In the records below, begin at the line that has "foto 1 2011" and stop after the line that has "ARAMINTA JAMES - Athletique"; quote those lines verbatim and nothing more.

(EXTRACTED RECORDS begins)

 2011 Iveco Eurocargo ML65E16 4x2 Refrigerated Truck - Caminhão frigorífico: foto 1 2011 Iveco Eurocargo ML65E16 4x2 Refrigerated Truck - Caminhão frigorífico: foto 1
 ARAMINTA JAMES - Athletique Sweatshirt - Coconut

(EXTRACTED RECORDS ends)
(EXTRACTED RECORDS begins)

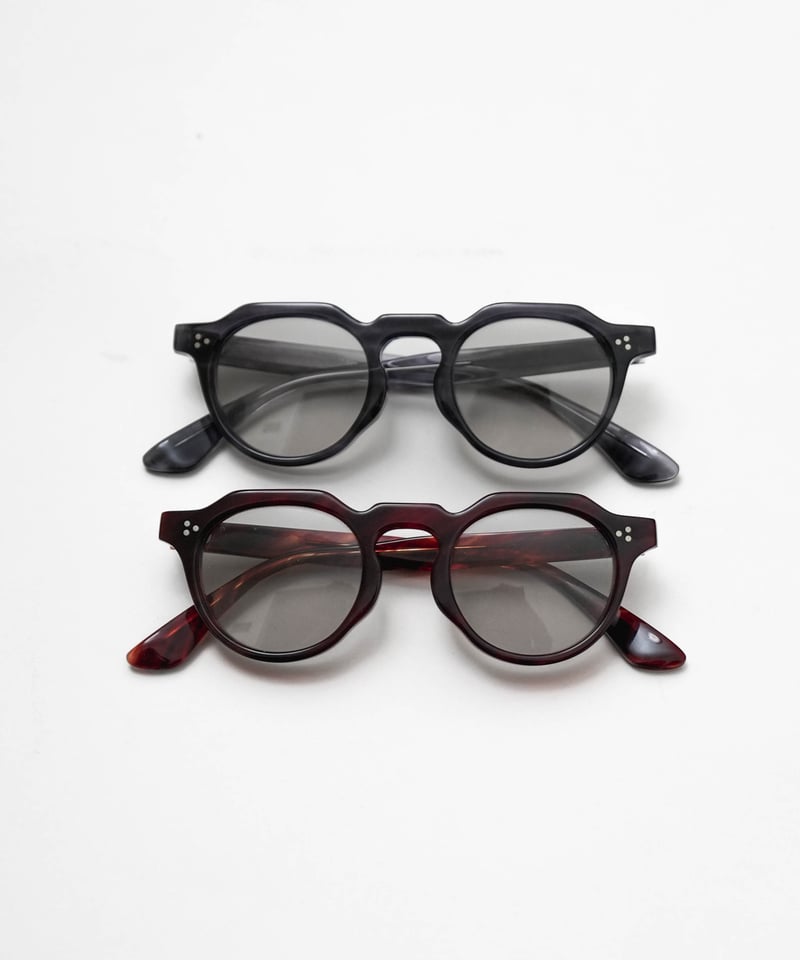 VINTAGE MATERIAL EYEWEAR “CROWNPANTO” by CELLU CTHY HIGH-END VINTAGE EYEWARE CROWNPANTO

(EXTRACTED RECORDS ends)
(EXTRACTED RECORDS begins)

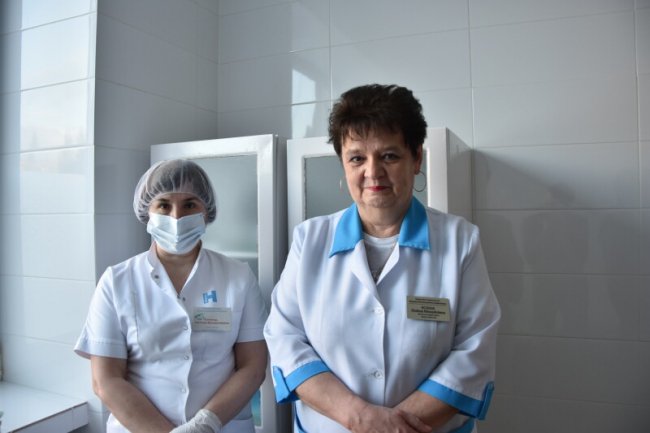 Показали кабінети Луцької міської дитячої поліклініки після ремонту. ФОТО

(EXTRACTED RECORDS ends)

■ **EXPECTED OUTPUT**:
 2011 Iveco Eurocargo ML65E16 4x2 Refrigerated Truck - Caminhão frigorífico: foto 1 2011 Iveco Eurocargo ML65E16 4x2 Refrigerated Truck - Caminhão frigorífico: foto 1
 ARAMINTA JAMES - Athletique Sweatshirt - Coconut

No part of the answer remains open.